**Collected material**
....

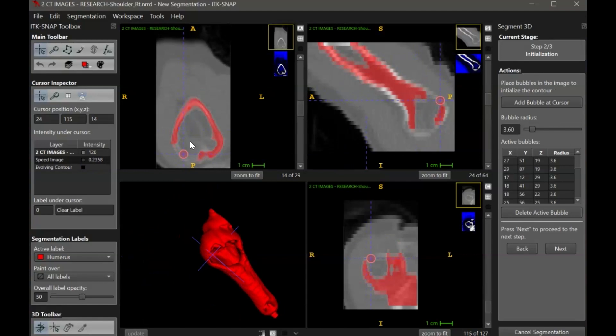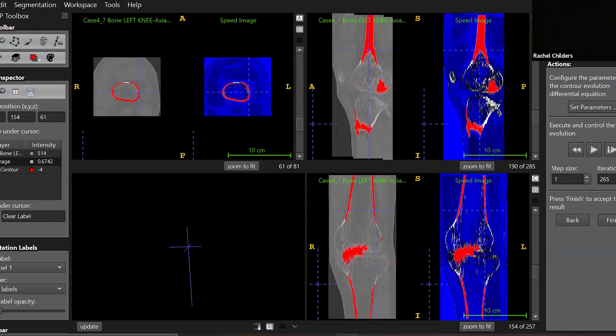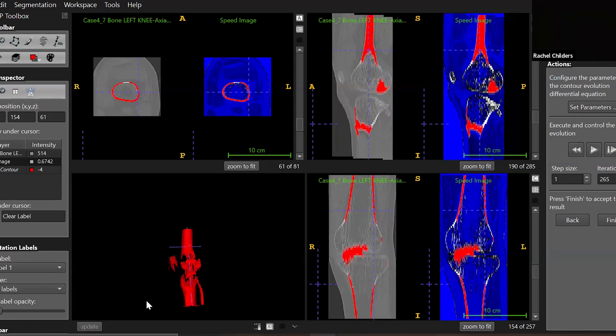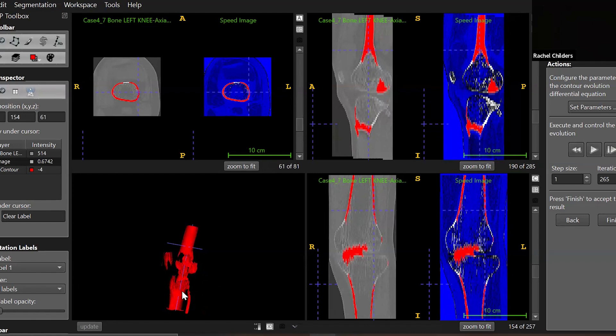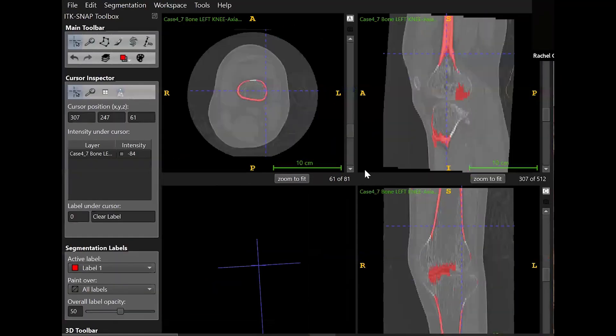If you're using ITK-SNAP on a laptop or another computer with limited processing power, I don't recommend using the back button between step 2 and 3, because we've found that this can cause high likelihood of the software to crash or stop responding. Instead, if you need to increase the area of your segmentation, you can click the finish button.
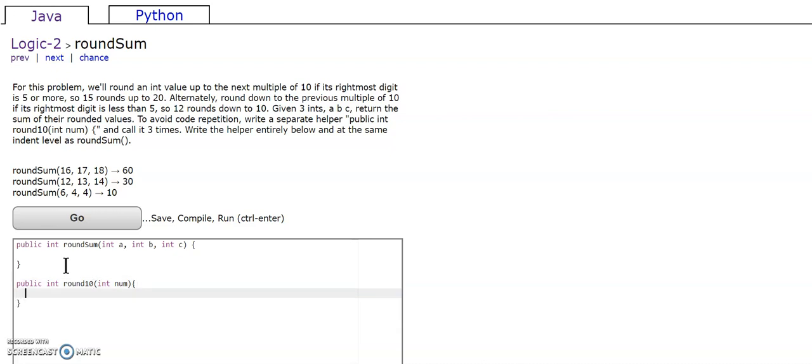So we have to see if the number is greater than or equal to 5.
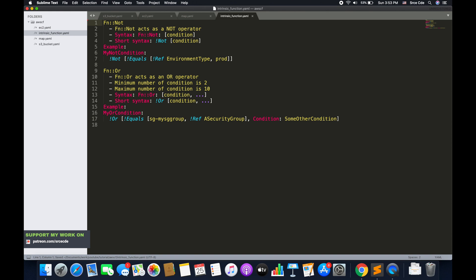Next is Fn::Not. Not returns true for a condition that evaluates to false, and returns false for a condition that evaluates to true — it acts as a NOT operator. The syntax is Fn::Not with a condition, and the short syntax uses exclamation Not. For example, EnvCondition evaluates to true if the value for the EnvironmentType parameter is not equal to prod.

....

**Task details**
The copy must begin at the line containing "So we have to" and end at the last line of the data above, with every line retyped exactly and no pictures included.

**Answer space**
So we have to see if the number is greater than or equal to 5.
Next is Fn::Not. Not returns true for a condition that evaluates to false, and returns false for a condition that evaluates to true — it acts as a NOT operator. The syntax is Fn::Not with a condition, and the short syntax uses exclamation Not. For example, EnvCondition evaluates to true if the value for the EnvironmentType parameter is not equal to prod.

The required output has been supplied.